And fascinating. They’re not exactly scared of vehicles, so they’re just going about their business. We would see large groups of baboons  sitting or traveling along the roads. We all fell a little in love with the mamas and babies, but baboons are a nuisance, generally, so best not to coo too much.

I’m not sure I can forget the sight of zebra on the side of the road, both in the park and on the way there. Like we would see horses or cows grazing in fields, Kenya’s fields are full of zebra.

Why did the zebra cross the road?

Why did the zebra cross the road?

A safari like this is not a passive experience, even though someone else is driving. We traveled in pop-top vans so that we could stand up and see out without ever leaving the vehicle. I can’t lie. This was my favorite part of the trip. Outside. Nature. Wildlife. A cool breeze in my face. I soaked up every minute of it and didn’t want it to end.

I promise you, I'm having a good time. I'm just terrible at selfies.

I promise you, I’m having a good time. I’m just terrible at selfies.

Our missionary friends told us where to look to spot a cat in a tree. Low, horizontal branches are ideal for leopards, they said, so our eyes searched the trees on either side of us, desperate for a beautiful and terrifying glimpse of a cat in a tree.

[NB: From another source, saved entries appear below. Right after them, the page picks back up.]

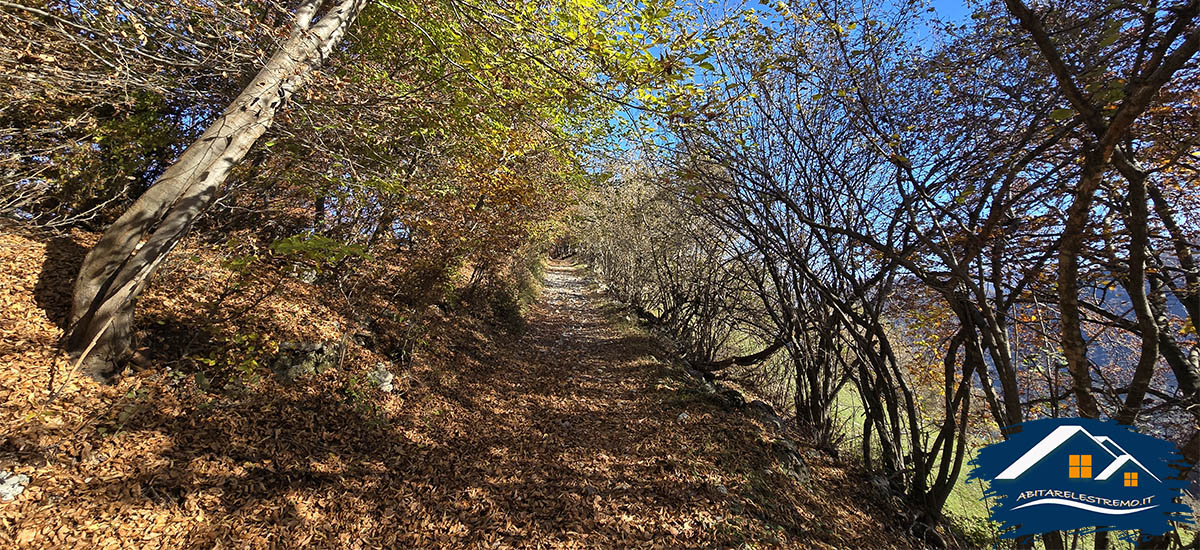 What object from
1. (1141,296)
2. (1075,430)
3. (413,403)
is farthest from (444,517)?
(1141,296)

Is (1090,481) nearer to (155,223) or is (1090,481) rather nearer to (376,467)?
(376,467)

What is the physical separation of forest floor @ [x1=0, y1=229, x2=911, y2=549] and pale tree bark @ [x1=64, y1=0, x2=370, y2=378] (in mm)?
305

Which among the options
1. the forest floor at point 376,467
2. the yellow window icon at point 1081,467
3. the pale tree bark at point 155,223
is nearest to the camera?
the forest floor at point 376,467

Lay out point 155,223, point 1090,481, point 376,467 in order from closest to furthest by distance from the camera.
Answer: point 1090,481, point 155,223, point 376,467

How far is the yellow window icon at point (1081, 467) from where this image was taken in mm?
2771

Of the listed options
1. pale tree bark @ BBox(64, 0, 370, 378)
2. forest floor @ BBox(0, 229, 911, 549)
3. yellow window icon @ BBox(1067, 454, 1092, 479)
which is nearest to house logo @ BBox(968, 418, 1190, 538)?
yellow window icon @ BBox(1067, 454, 1092, 479)

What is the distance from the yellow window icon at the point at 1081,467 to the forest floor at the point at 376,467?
2.09m

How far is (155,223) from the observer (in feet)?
11.0

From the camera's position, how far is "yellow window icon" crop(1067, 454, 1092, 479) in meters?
2.77

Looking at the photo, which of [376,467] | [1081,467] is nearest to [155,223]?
[376,467]

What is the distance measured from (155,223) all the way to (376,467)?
9.73 ft

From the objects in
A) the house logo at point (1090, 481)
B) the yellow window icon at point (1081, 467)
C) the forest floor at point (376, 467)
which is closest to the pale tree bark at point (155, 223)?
the forest floor at point (376, 467)

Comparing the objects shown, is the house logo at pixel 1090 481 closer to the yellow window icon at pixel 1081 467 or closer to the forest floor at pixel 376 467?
the yellow window icon at pixel 1081 467

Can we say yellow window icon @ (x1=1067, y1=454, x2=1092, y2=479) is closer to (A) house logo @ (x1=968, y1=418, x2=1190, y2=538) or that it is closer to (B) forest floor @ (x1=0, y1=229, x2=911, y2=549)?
(A) house logo @ (x1=968, y1=418, x2=1190, y2=538) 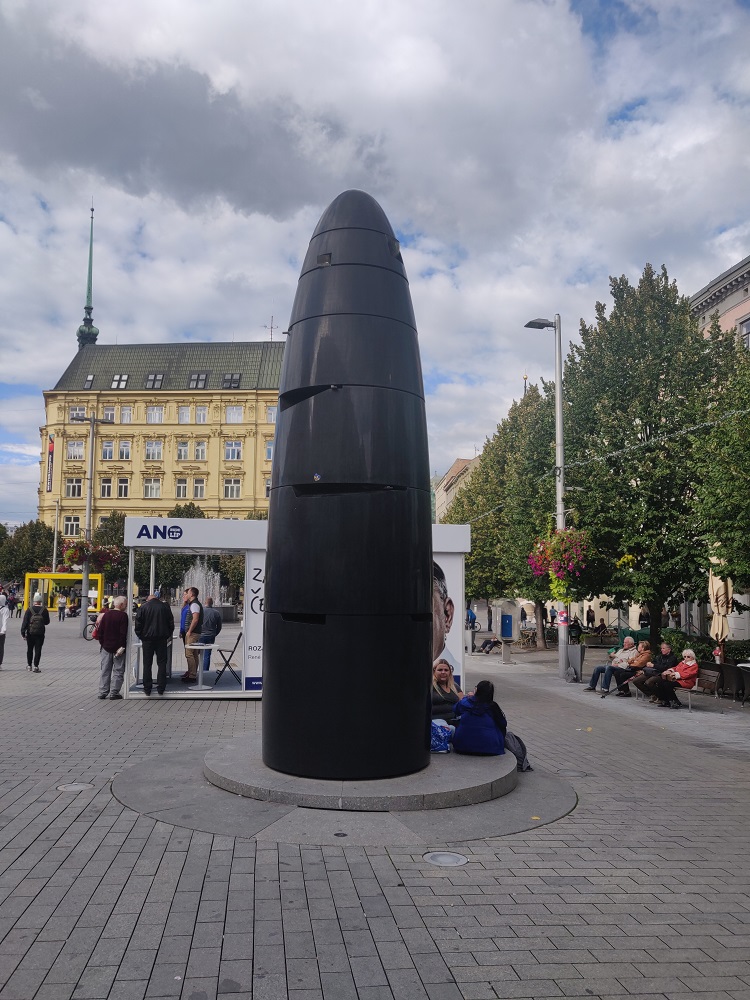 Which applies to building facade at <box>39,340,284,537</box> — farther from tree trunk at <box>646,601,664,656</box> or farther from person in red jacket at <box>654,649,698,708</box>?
person in red jacket at <box>654,649,698,708</box>

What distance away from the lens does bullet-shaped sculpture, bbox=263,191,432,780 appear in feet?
25.6

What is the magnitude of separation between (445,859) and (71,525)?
7906 cm

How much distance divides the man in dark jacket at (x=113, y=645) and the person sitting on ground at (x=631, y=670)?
34.2 feet

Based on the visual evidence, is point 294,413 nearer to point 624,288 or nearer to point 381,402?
point 381,402

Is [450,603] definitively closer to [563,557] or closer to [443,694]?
→ [443,694]

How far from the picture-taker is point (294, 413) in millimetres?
8438

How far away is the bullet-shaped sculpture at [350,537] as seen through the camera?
7.80 metres

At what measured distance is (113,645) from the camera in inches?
580

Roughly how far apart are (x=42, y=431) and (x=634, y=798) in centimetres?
8444

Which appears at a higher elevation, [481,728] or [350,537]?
[350,537]

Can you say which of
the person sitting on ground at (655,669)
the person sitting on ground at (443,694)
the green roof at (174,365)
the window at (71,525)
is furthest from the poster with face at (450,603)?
the window at (71,525)

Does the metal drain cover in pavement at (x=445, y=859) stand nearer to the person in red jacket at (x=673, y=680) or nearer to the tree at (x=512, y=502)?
the person in red jacket at (x=673, y=680)

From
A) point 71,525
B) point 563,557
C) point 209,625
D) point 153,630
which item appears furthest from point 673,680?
point 71,525

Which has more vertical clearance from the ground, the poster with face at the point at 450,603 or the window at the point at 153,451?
the window at the point at 153,451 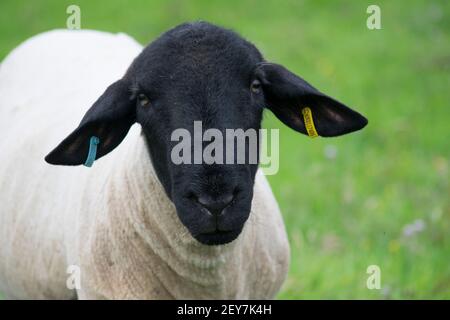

It’s hard work, your eyes ever searching the land around you for a chance to see something that doesn’t necessarily want to be seen. My eyes grew tired of squinting. I didn’t have a pair of sunglasses on me during the entire trip to Kenya. The gentle hum and lull of the van nearly put me to sleep. My eyes were inches from closing when we happened upon a tower of giraffes. (I looked that up–that’s really what a group of giraffes are called!)

No words

No words

They were so close to the vans.

Beautiful

Beautiful

Magnificent. Graceful. Amazing. Whatever word you come up with to describe them, it’s not enough.

We stayed in the giraffe grove for a while, sighing and taking pictures and pinching ourselves. Were we really seeing this? Gorgeous.

It was a turning point in the safari, I think. We had been seeing some amazing sights along the way, but there was an undercurrent of anticipation. We wanted to see some of the good stuff. (As if it all wasn’t good. I personally need a lesson in gratitude and appreciation.)

I’m a big fan of water, looking at it, at least, and I was not expecting Kenya to have so much of it. Africa, in general, brings to mind heat and sand and desert. But central Africa is lush and rich in natural beauty, water included. In fact, the lake for which this park is named, Lake Nakuru, is currently flooded, which has affected the migration of flamingoes and has diverted the roads throughout the park. Flooding. In Africa. Who’d have thought?

Our missionary friends had never seen this waterfall flowing

Our missionary friends had never seen this waterfall flowing

We lunched with the flamingoes as if this was an ordinary day in the park by the lake.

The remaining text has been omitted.